Even if you don't run out, you've got other problems along the way, one of which is increased energy costs. Those who hike know that every time you put that one quart Nalgene bottle in your bag, backpack, or daypack, you're adding two pounds of liquid. In the West we don't talk about water in terms of quarts or gallons. We talk about an acre-foot of water, which is the amount of water that it takes to cover an acre of land to the depth of 12 inches. That's 325,000 gallons. 325,000 gallons weighs 1,358 tons. If you're a farmer and you're pumping from 500 feet below the surface of the ground, you're looking at multi-thousand dollar electric bills for each well, each month. That's more than enough to drive farmers out of business.

As the water table declines, so does the water quality.

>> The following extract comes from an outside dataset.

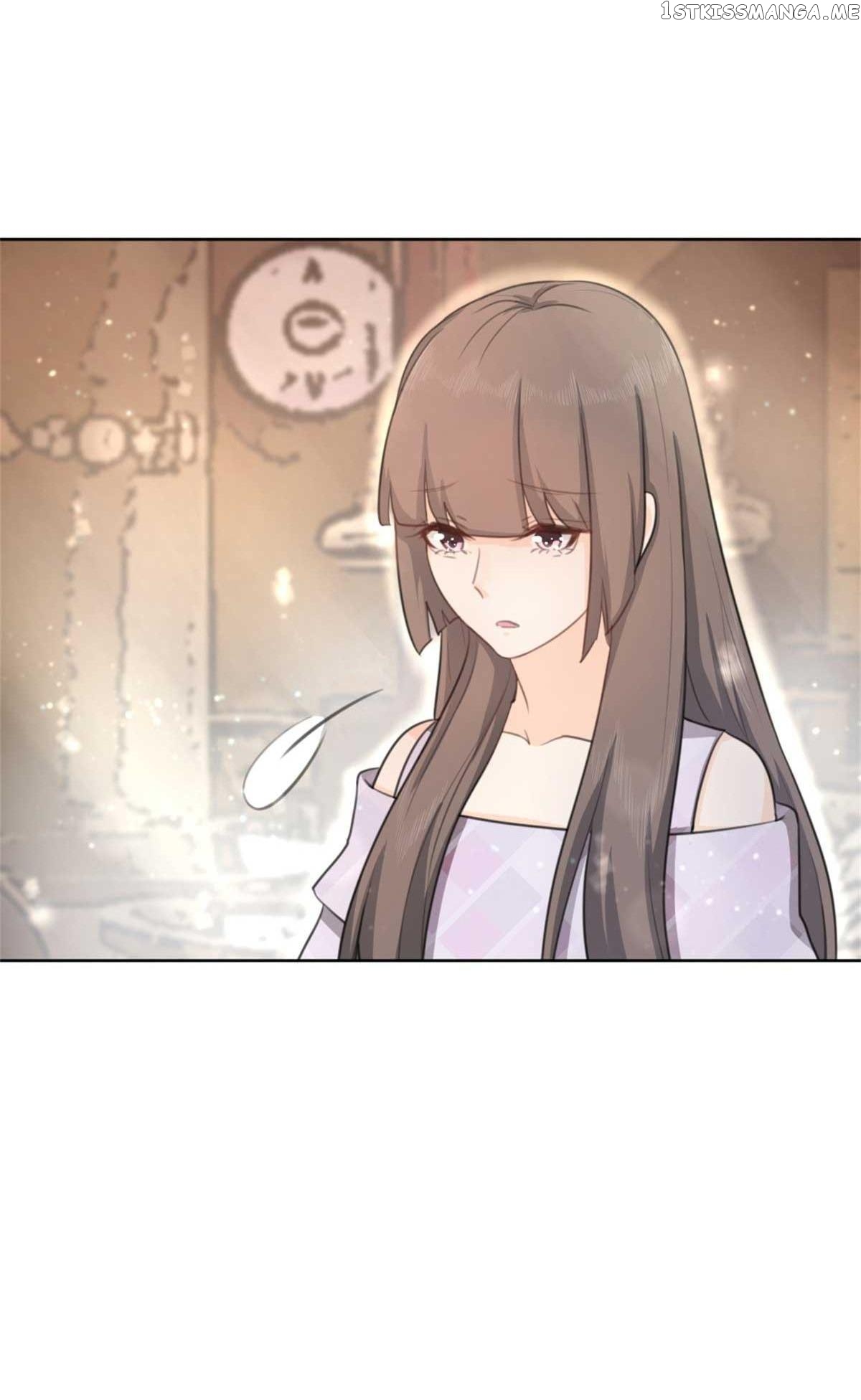 My Heart That Beats For You chapter 8.1 - page 13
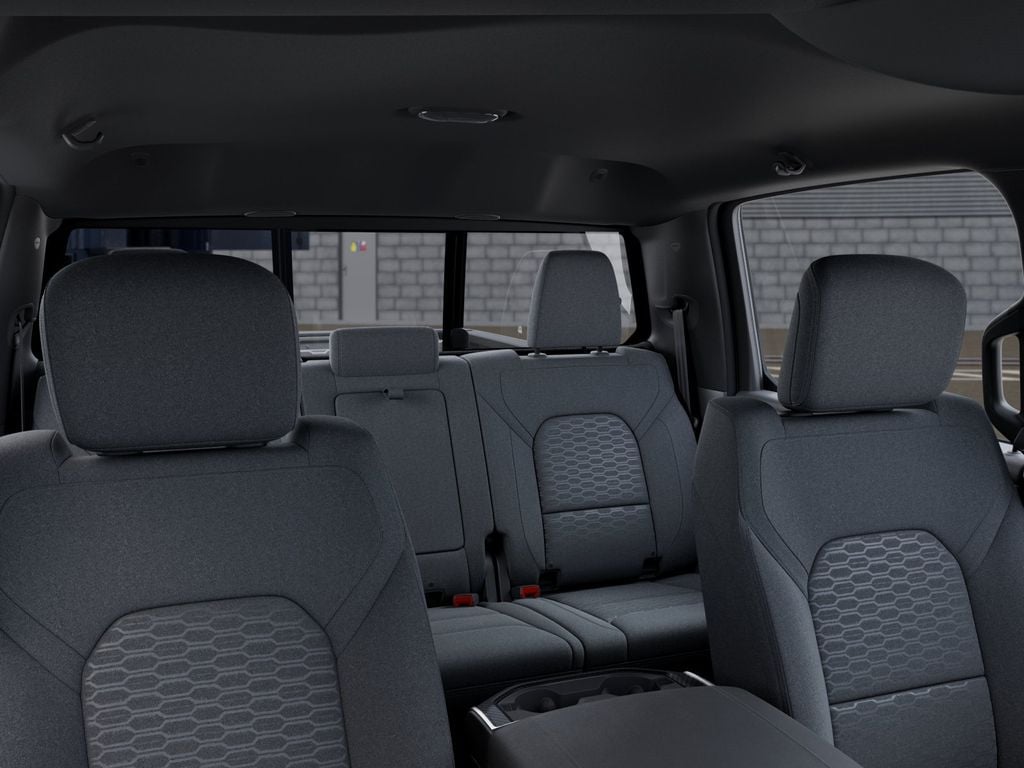New 2026 Ram 1500 Express - photo - 25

This seems to be a function of the Earth's internal temperature rising as you pump from deeper levels where the water is warmer. Warmer water allows some nasty, naturally occurring chemicals to dissolve, such as fluoride, arsenic, and radon. Then there's the problem of salt water intrusion along all coastal areas. There is no place around, except perhaps the Oregon coast, that does not deal with this problem. Groundwater pumping causes salt water to migrate laterally and contaminate the potable supply.

Then there's the problem of subsidence. The surface level in parts of California and Arizona has dropped since 1925. How has that happened? Remember the last time you went to the supermarket and bought a box of Kellogg's Corn Flakes? You brought it home, opened it up, and your first thought was, "Kellogg's ripped me off." Before you had eaten one bowl of cereal, it was a third gone. If Kellogg's had been kind enough to have added two cups of milk to the box of cornflakes, they'd be way up to the top of the box. But if you take out the milk, the cornflakes settle. That's subsidence: remove the water and the land settles.